Social networking with software: It can be positive, but not as a goal in itself.
I've always said, somewhat jokingly, that there are only 35 people in all of Silicon Valley: We just keep circulating from one company to the next. It's one of the network effects of having worked in high tech for more than 20 years. In almost every business or social setting, I'm likely to meet someone I know or who knows me. And a lot of my business and my clients' businesses rely on that phenomenon. Six degrees of separation hardly begins to describe it.
The other thing I always say is that business is about people, not companies or job titles. The value of who we are is infinitely more important than what we do or for whom we do it the what and for whom can change all the time, but the who is immutable (except via death, drugs, or psychotherapy, which I won't even begin to touch here). This sets up a social meritocracy that makes our interpersonal relationships more important than almost anything. Who you know and how well you know them become as important, if not more so, than what you know.
These concepts are at the heart of the new social networking phenomenon that has been clawing its way out of academics and into the "real world" of enterprise software. Social networking seeks to automate the social connections between people to the advantage of all. The software does this by discovering who in your social network knows the person outside your network whom you're trying to reach, and, depending on how the software works, facilitates a direct connection. A number of companies Spoke Software and LinkedIn, among others have emerged recently that can discover these connections and broker a contact that, hopefully, gets the job (usually sales or business development) done a lot better and faster than the haphazard connections most of us maintain today.

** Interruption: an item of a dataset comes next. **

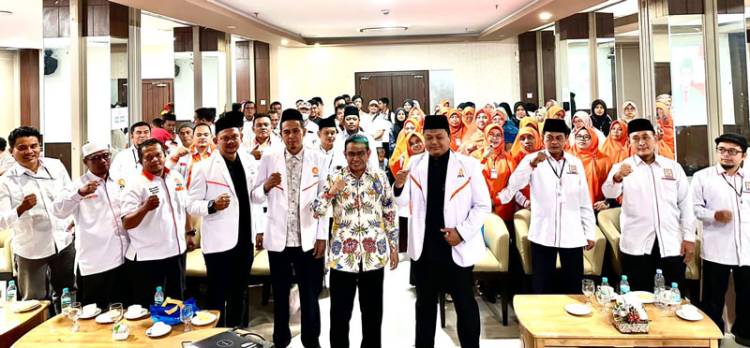 Hadiri Rakerda Tiga DPD PKS di Riau, Hendry Munief: Jangan Lukai Hati Rakyat!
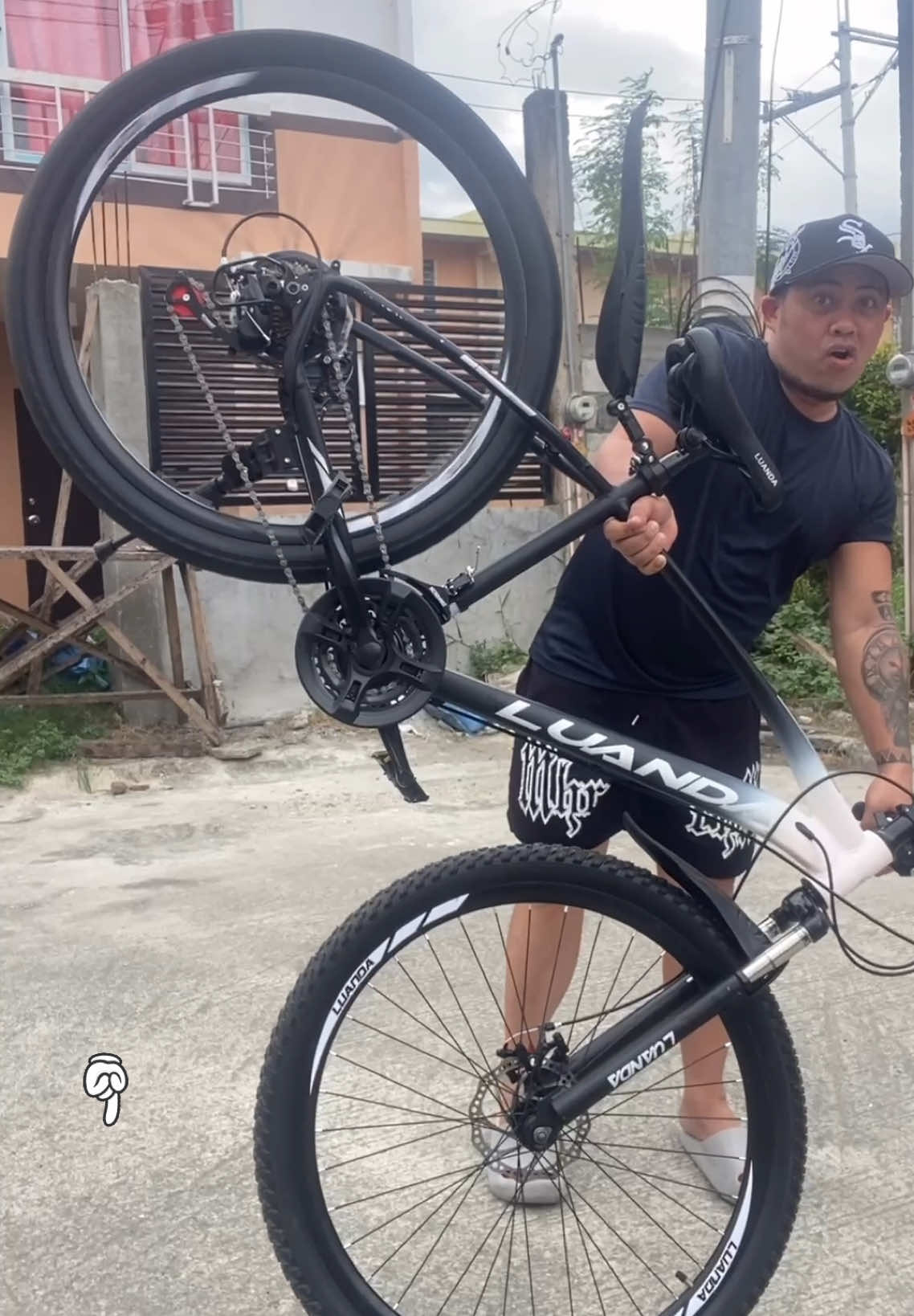 Mountain bike matibay at pangmatagalan na gamitan na gawa ng LUANDA bikes. May 7 chain gears at top 3 speed na. Aesthetic ang datingan ang angas ng pormahan. May mudguard na rin harap at likod. Get yours na it won’t let you down. #mountainbike #mountainbikes #bicycle #bike #bikers #bikelover #luanda #fyp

The irony of the growth of a social networking software market is that the more complete the automation of social networking becomes, the more the value of the social meritocracy is diminished. Once you and your competitor can get to the same buyer through a similarly close connection, your connection is relatively worthless and you're forced to compete on the hard stuff: value, features, functionality, genuine merit, and total cost of ownership. Not who knows whom.
Of course, social network theory is pretty adamant about the inability of a network to ever be at what the academics call a "state of equilibrium." The complexity of human society and socialization is that everyone can't have the same quality and quantity of relationships as everyone else. We can't all be best friends. So rule number one of social network software is that the moment a network achieves perfection, it becomes valueless. And rule number two is that perfection will never happen.